The goal is to "clean" spurious ranges (appearing in few runs) and to find groups of at least k almost perfectly overlapping intervals out of m runs of the algorithm, where k is close to m. E.g. if we have 10 runs, k will be 7-9.
By almost perfectly overlapping I mean >0.95
overlap, but exact requirement is user-defined (won't be 0.5 or such). The overlap should be between all intervals in the group (i.e. intersection). However, since I am trying to translate an eyeball analysis into exact requirements this requirement might be too strong ..
The differences in the intervals generated by multiple runs of the algorithm stem from a random factor (seed) as well as slightly different ranges may passing requirements, therefore there is some 'wiggling room' in the results. It also detects some ranges infrequently (think local minima), ranges which should be ignored as spurious.
The origin of the problem is running multiple times some algorithm that searches a range for "interesting" areas. By the nature of the algorithm, each run may return slightly different ranges as well as, at times, a range not seen before.

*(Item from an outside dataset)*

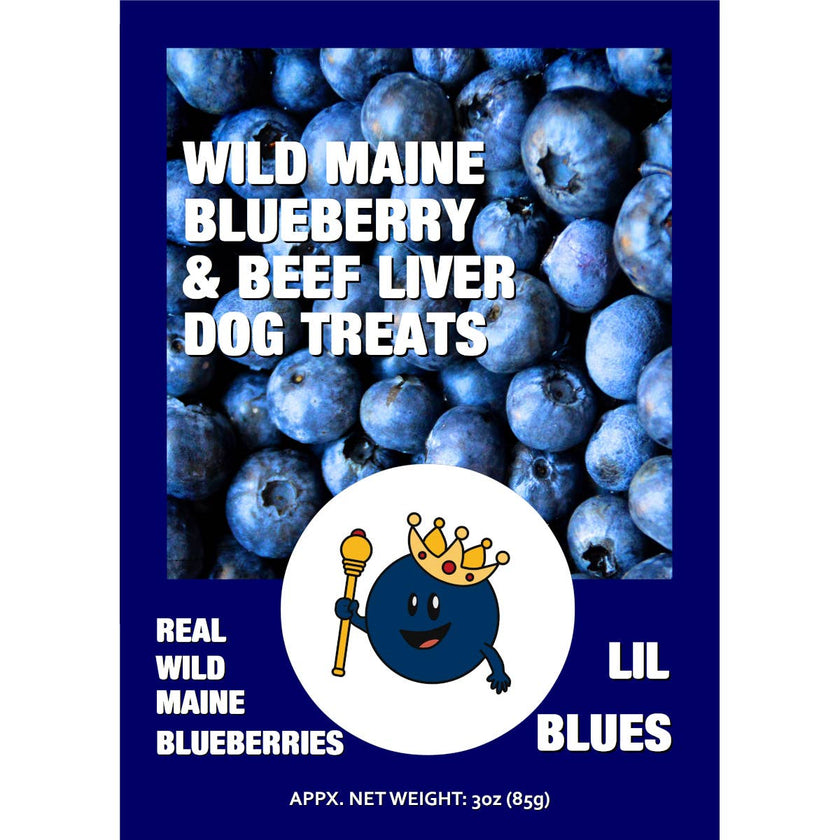 Lil Blues - Wild Maine Blueberry and Beef Liver Dog Treats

The intervals can be viewed as integers, though in reality the intervals I get may be real number in any range. I assume I can always use a min-max scaler to, for example, have the ranges have (approximated) integer values in the 0-1000 range or similar.
Below is a (very simple) example of the problem marked as I would do manually. The three green intervals and the three red intervals should be reported as groups, whereas the other three are a group on their own. The overlap of the blue interval is too small. The Yellow interval is not "similar" to the red ones in size.
There may be problems like in the diagram below which I am not sure how to address. The green (bottom) interval and the one above it are certainly "the same" as are the red one and the one below, however the green and red are already too far apart to be considered a group.
My initial idea was to build an interval graph. On that I can greedily find the point at which most intervals intersect, than somehow (no clear idea how yet) I would remove intervals which should not belong to the group. Once done I remove the group from the graph and repeat.
Another method I thought about, but which is O(N^3) (and not guaranteed to yield a good result) is to calculate the overlap of all pairs, selecting the best and merging (union? intersection? average start/end?) then repeating until there are no more "interesting" overlaps.
I consider an overlap interesting if it is larger than some percentage, e.g. 95%.
Are there any algorithms already achieving something similar? Any direction someone can point me in?